There are two kinds of alcoholics in this country; the social drinker, who hides behind the fancy concrete and brick walls of their mansions in Karori, Khandallah, and Oriental Bay; and the "down and outs", the dregs of society who visit the soup kitchen in Buckle Street, sleep out in the Basin Reserve, in the Night Shelter, and houses like 14 Ohiro Road, and 29-31 Abel Smith Street. The community only sees the latter group although they are less of a social nuisance than the people in power who have to rely on their social drinking to face life. Most people prefer to turn their heads the other way and ignore the problem, even the Government neglects its responsibility, leaving the bulk of the work to be done by voluntary organisations and individuals.

Image of a man sleeping on the street

One such organisation is the Wellington City Mission, headed by the Rev.
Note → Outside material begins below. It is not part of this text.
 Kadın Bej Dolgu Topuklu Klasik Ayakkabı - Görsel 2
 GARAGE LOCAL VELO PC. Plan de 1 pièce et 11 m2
Walter Arnold (a Canon in the Anglican church). The Mission hands out the $21 per week Social Security benefit to the alcoholics at $2 a day for four days a week, and $3 or $4 on Friday. This leaves a balance of $9 or $10 a week which according to the Rev. Arnold goes towards board or rent, if the beneficiary has somewhere to stay. But what happens to the $10 which belongs to those who have nowhere to live? The Mission says that the money is deposited in bank accounts and is used to pay for any convalescent expenses or specialists fees. However, very few ever get this sort of treatment, so that the money keeps on growing in these bank accounts waiting to be claimed.

Many of the alcoholics are unhappy with the way their money is being kept from them. Some alcoholics say that Arnold has as much as $1700 in trust, but they have never seen it. Most believe they will never see it either. No doubt many may treat their claims as fanciful, but when Salient interviewed Arnold he refused to be drawn on the topic and would not say what happened to money that is not claimed or is left after someone dies.